[Stored data]

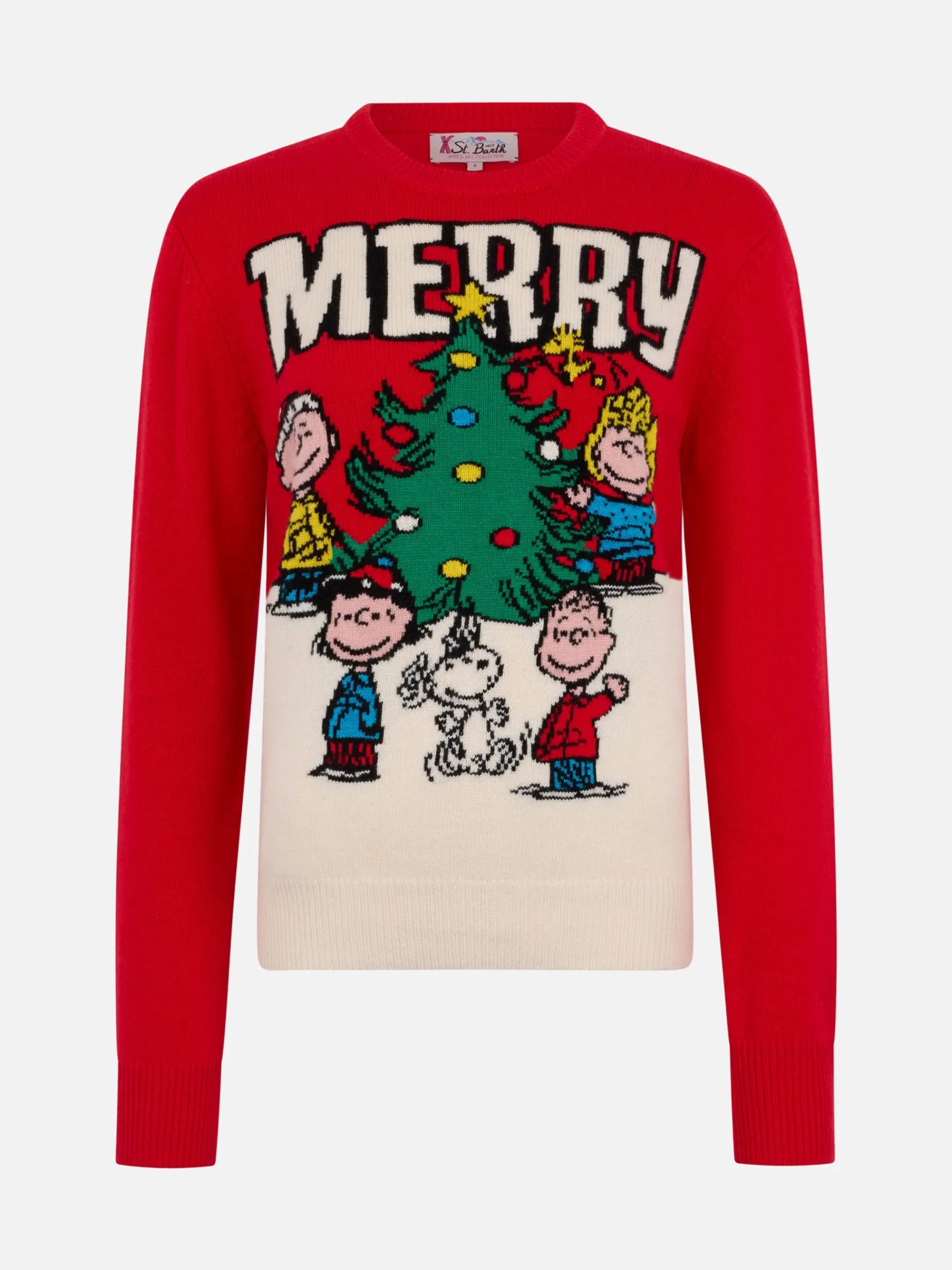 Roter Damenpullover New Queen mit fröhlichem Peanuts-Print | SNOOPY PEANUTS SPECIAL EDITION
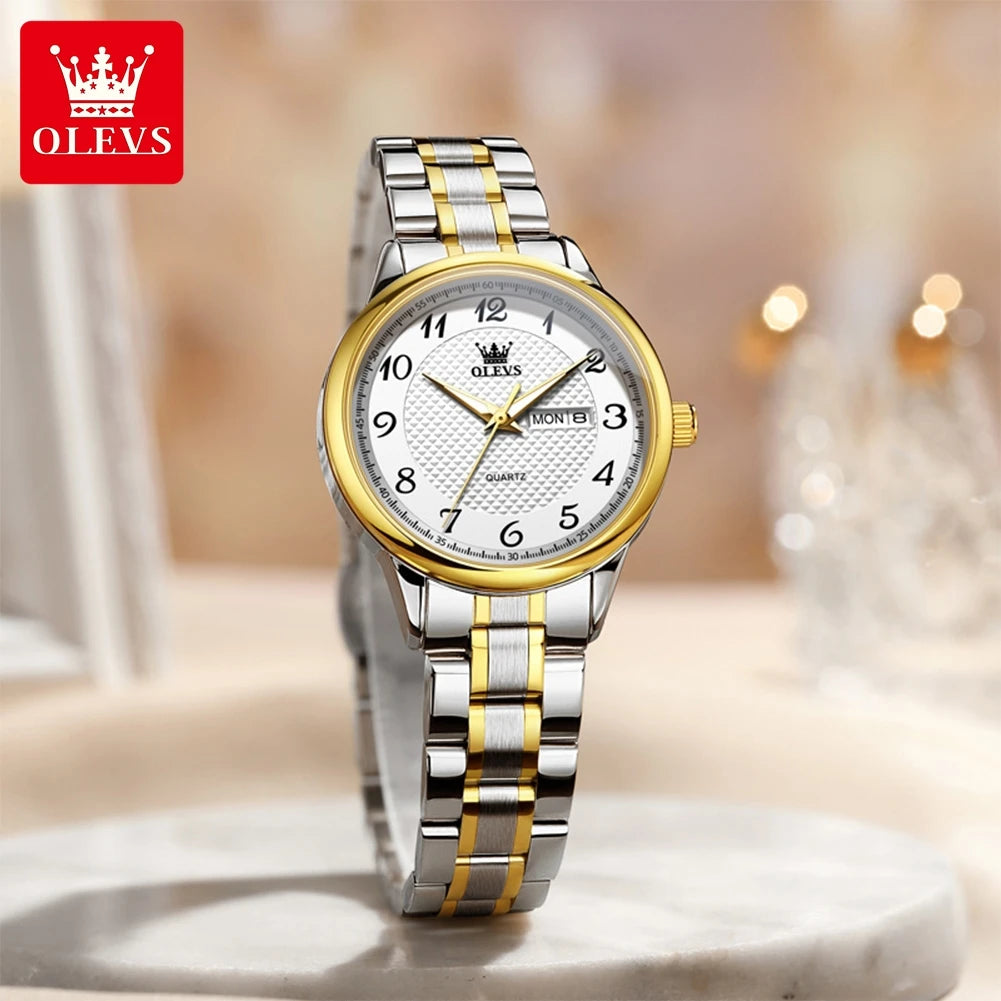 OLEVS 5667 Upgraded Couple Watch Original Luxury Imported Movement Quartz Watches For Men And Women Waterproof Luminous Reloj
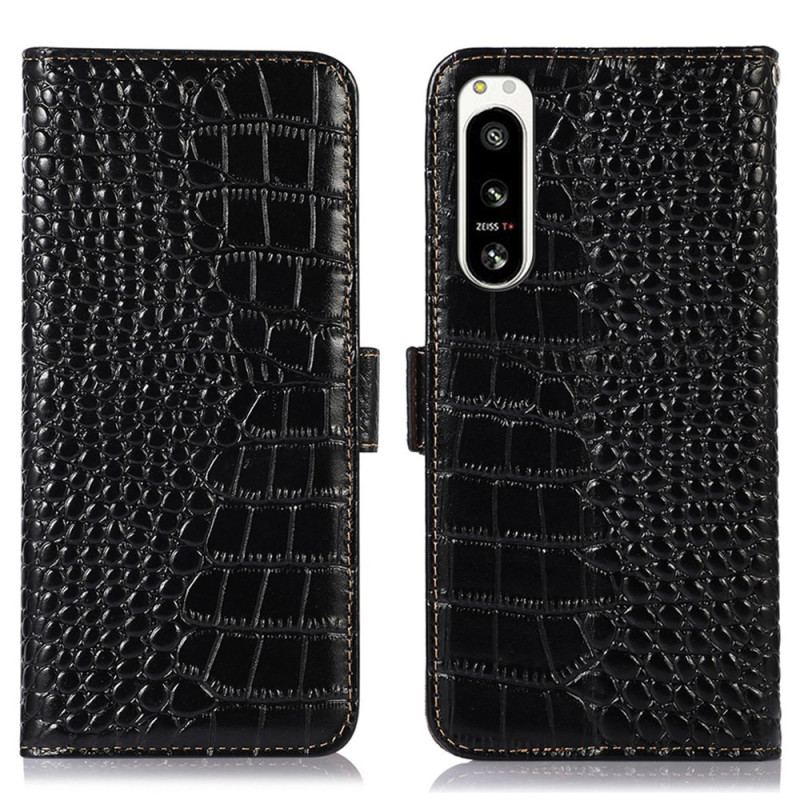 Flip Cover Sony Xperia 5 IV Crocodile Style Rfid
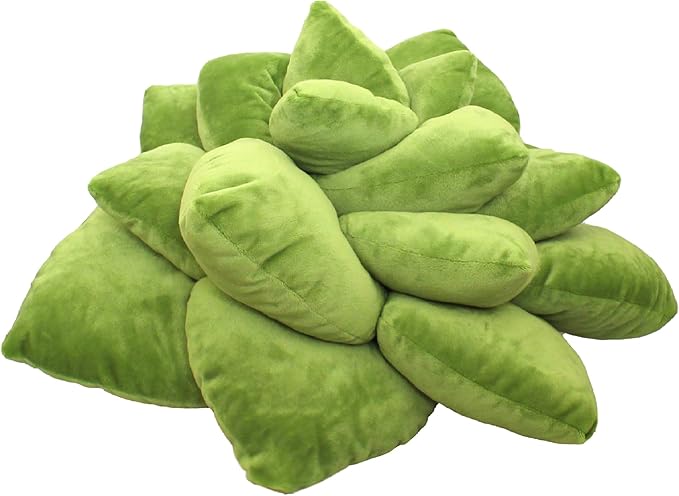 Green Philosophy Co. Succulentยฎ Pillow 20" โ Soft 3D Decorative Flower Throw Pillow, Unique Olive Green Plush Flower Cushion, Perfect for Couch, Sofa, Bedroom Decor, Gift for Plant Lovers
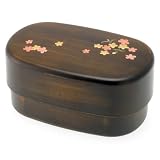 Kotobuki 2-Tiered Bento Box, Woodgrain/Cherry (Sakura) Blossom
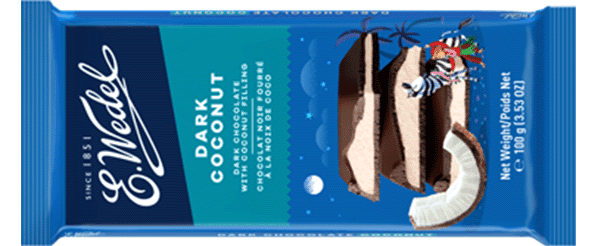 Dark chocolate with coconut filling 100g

[/Stored data]
[Stored data]

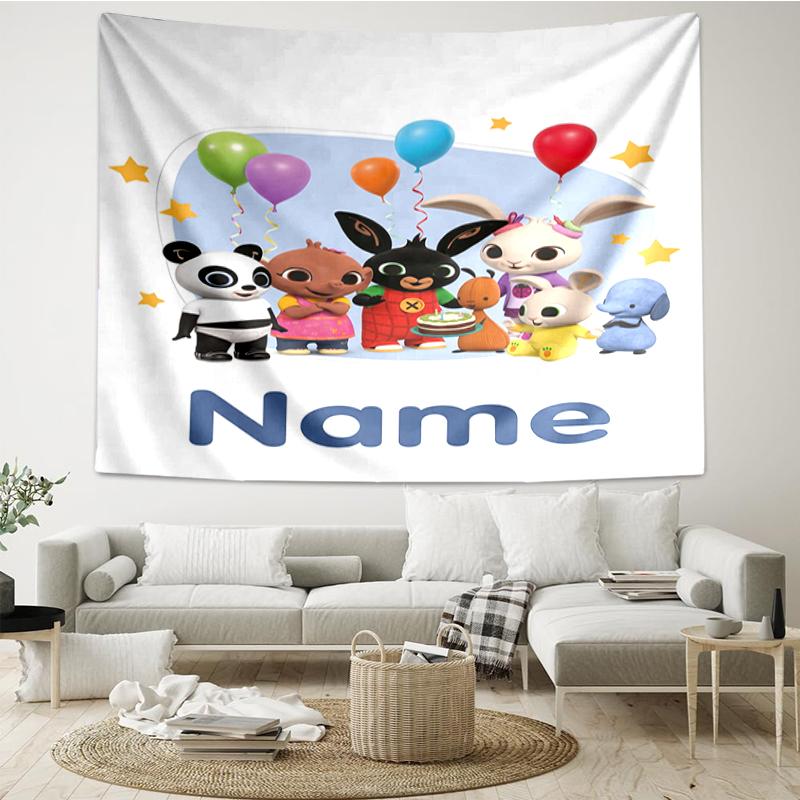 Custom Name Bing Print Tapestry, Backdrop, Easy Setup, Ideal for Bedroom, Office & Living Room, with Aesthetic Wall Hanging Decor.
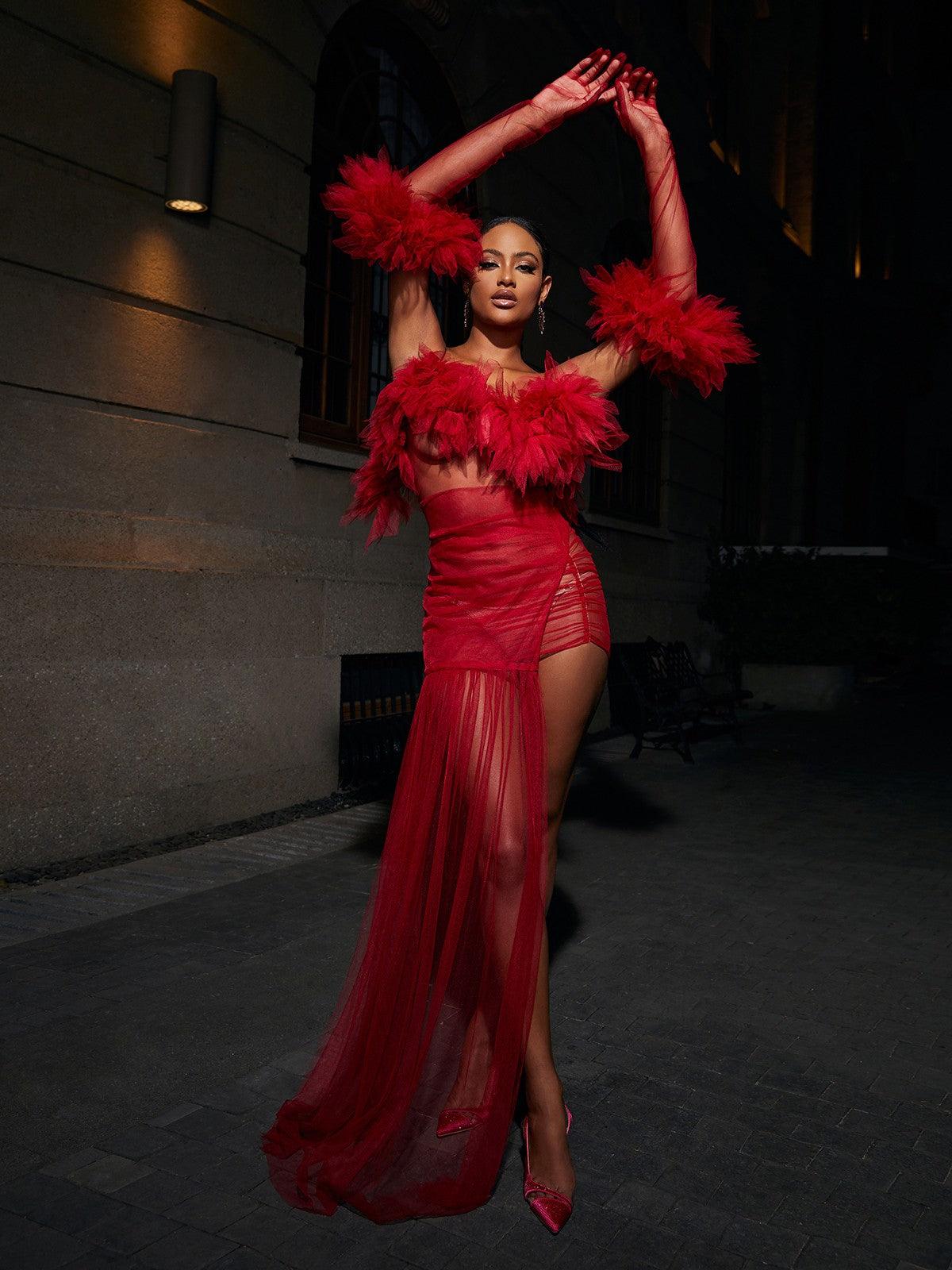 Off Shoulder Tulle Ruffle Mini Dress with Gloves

[/Stored data]

(Work task):
Exact repeat of the material above: every line from the one with "Roter Damenpullover New" through the one with "Dark chocolate with coconut filling 100g", endpoints included, and nothing more. No pictures.

(Answer to this task):
 Roter Damenpullover New Queen mit fröhlichem Peanuts-Print | SNOOPY PEANUTS SPECIAL EDITION
 OLEVS 5667 Upgraded Couple Watch Original Luxury Imported Movement Quartz Watches For Men And Women Waterproof Luminous Reloj
 Flip Cover Sony Xperia 5 IV Crocodile Style Rfid
 Green Philosophy Co. Succulentยฎ Pillow 20" โ Soft 3D Decorative Flower Throw Pillow, Unique Olive Green Plush Flower Cushion, Perfect for Couch, Sofa, Bedroom Decor, Gift for Plant Lovers
 Kotobuki 2-Tiered Bento Box, Woodgrain/Cherry (Sakura) Blossom
 Dark chocolate with coconut filling 100g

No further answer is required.